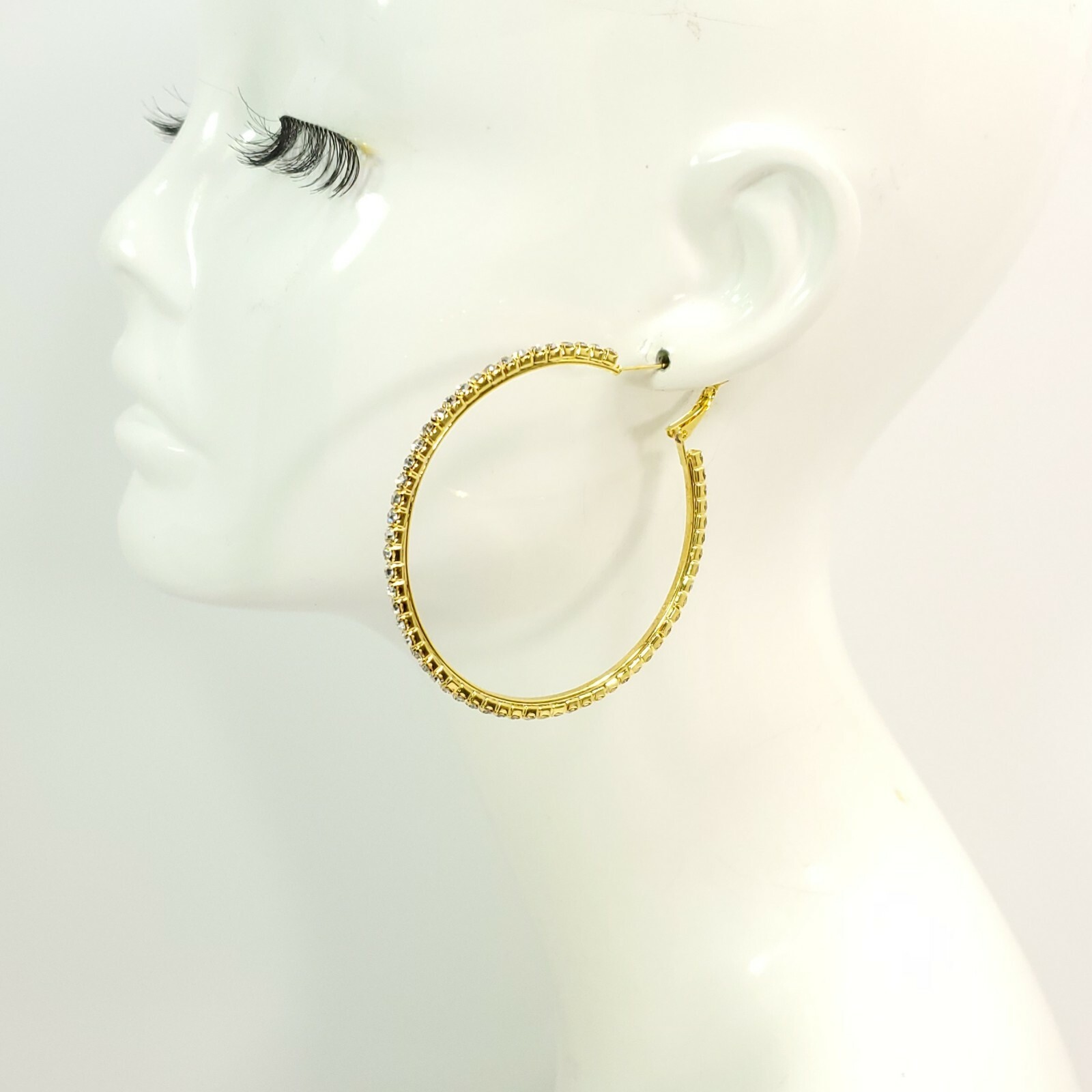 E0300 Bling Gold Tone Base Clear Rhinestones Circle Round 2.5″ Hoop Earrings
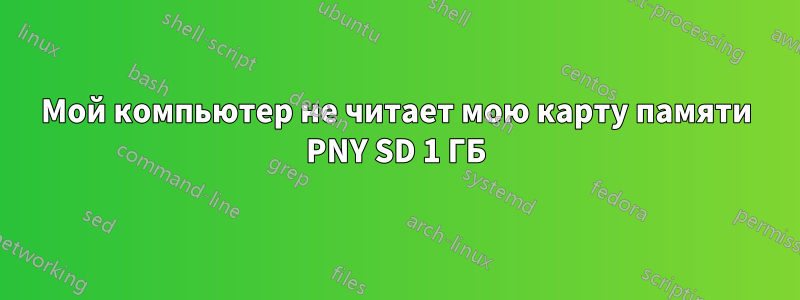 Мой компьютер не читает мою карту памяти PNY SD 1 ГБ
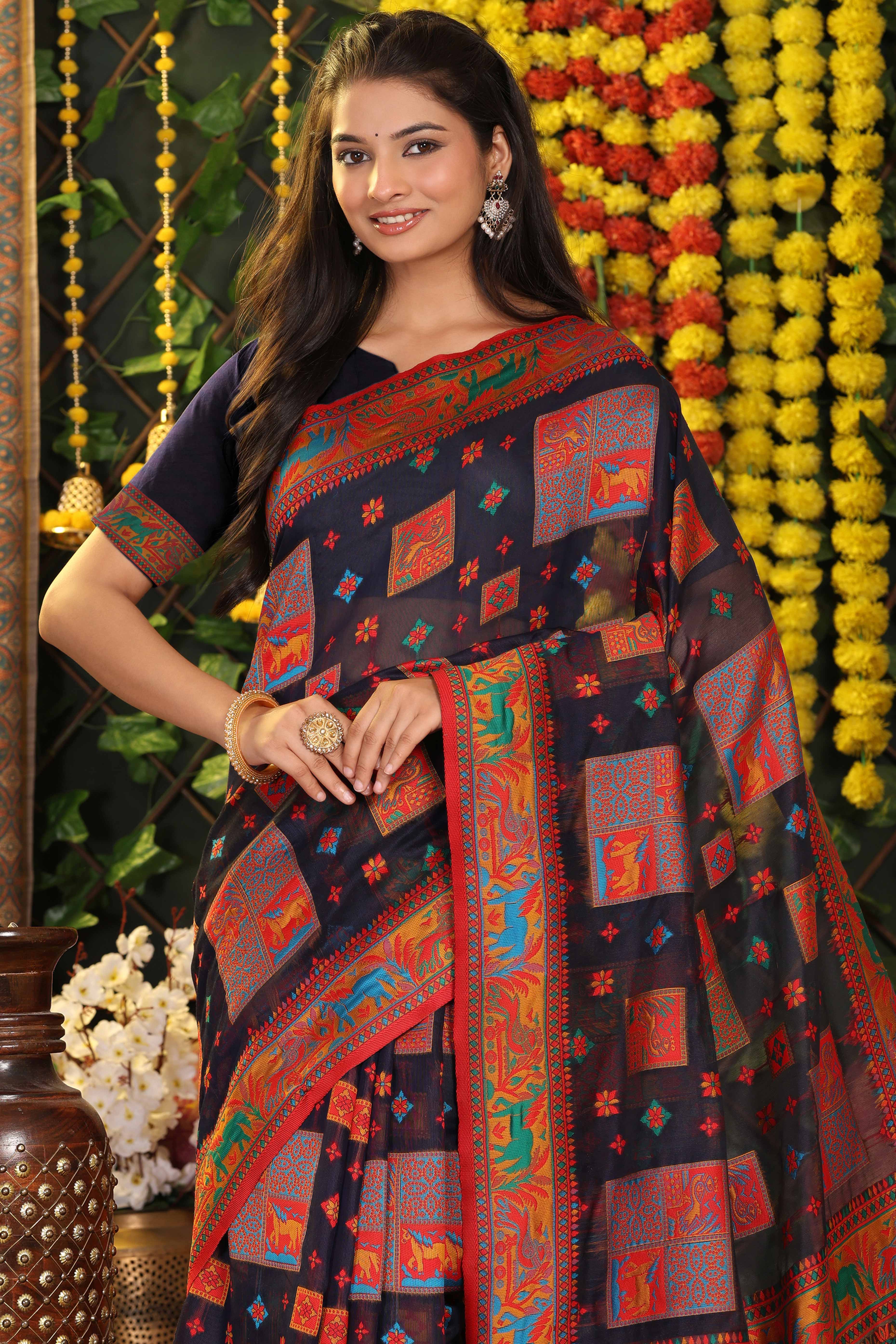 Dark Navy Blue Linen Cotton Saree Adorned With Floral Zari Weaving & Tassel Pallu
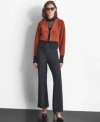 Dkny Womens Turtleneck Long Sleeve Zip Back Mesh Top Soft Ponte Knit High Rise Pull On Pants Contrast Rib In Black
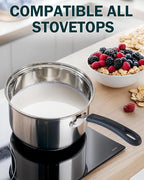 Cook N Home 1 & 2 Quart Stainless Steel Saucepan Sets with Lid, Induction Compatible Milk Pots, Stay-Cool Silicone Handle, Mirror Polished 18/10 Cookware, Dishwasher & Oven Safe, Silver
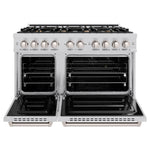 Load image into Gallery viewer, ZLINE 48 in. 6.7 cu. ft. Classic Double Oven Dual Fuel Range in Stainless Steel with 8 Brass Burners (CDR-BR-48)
- - - - -
— AIM OF THE TASK —
Set down each entry above word for word, without its pictures.

— RESULT —
 E0300 Bling Gold Tone Base Clear Rhinestones Circle Round 2.5″ Hoop Earrings
 Мой компьютер не читает мою карту памяти PNY SD 1 ГБ
 Dark Navy Blue Linen Cotton Saree Adorned With Floral Zari Weaving & Tassel Pallu
 Dkny Womens Turtleneck Long Sleeve Zip Back Mesh Top Soft Ponte Knit High Rise Pull On Pants Contrast Rib In Black
 Cook N Home 1 & 2 Quart Stainless Steel Saucepan Sets with Lid, Induction Compatible Milk Pots, Stay-Cool Silicone Handle, Mirror Polished 18/10 Cookware, Dishwasher & Oven Safe, Silver
 Load image into Gallery viewer, ZLINE 48 in. 6.7 cu. ft. Classic Double Oven Dual Fuel Range in Stainless Steel with 8 Brass Burners (CDR-BR-48)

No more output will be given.